A veces podía oír un huapango a la lejanía y se alegraba mi corazón. En el mismo transporte viajaba una madura señora huaxteca, su piel enegrecida por el sol dejaba ver reflejos claros que se desprendían de sus hombros desnudos. Adoré los motivos geométricos del bordado de su blusa (quizá la representación olvidada de algún cerro sagrado) y el pardo color de esa falda lisa que extrañamente no fué del color fluorescente acostumbrado en algunos pueblos. Cuando hablaba en náhuatl me parecía entender sus pensamientos aún cuando ni siquiera había comenzado a hablar.
Cuando llegué a mi destino visité a la más jóven de mis tías. Sus hijos estaban muy crecidos y me sorprendieron sus risas, sus juegos simples, su energía y su vida apacible. Con los abuelos fué lo mismo de siempre, las conversaciones giraban en torno a los quehaceres domésticos, un nuevo achaque físico, el chisme de la semana en el pueblo, y las preguntas de rigor: "¿cuándo te vas a casar 'pa?, ¿ya ves a fulanito, nadie creía que juera a casarse y ya ves, su mujer ya está esperando un niño?" Todo lo esquivé con bravura taurina, me merecía una diana.
Algo que nunca entenderé es porque mis abuelos se averguenzan de hablar náhuatl con los mestizos. Hubiera preferido que me enseñaran desde pequeño sus floridas palabras, rocío y poesía en la boca del humilde.
Me encontraron mas gordo, mas viejo y quizá mas ausente que antes.
El tiempo en el pueblo transcurre bajo sus propios términos, se alarga o se empequeñece según patrones que son desconocidos a mi razonamiento lógico.

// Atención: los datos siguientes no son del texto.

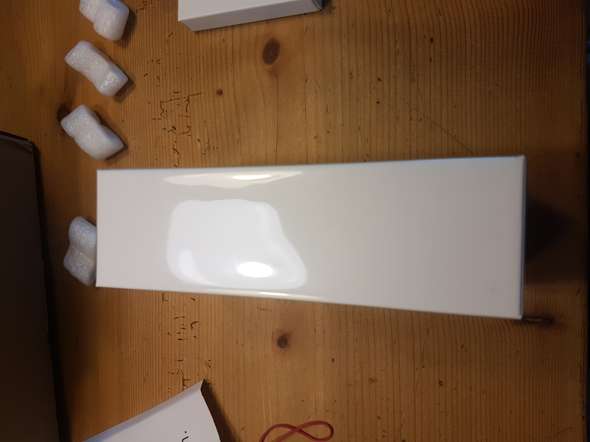 - (Apple, Telekom, iPhone X)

Es bueno desconectarse de la vida moderna y aprender a disfrutar el transcurso de los tiempos bajo el propio ritmo, las cosas se miran distinto cuando el vértigo ha pasado.
Conocí a mi sobrina Carmen, bellísima. Sus padres sumamente jovencitos y tan pobres.
Volví a casa comprendiendo un poco más a los que son de mi sangre, a esta cultura huaxteca de la que no puedo desprenderme. Por fin llegué a casa con el corazón hinchado de paz y el espíritu sosegado.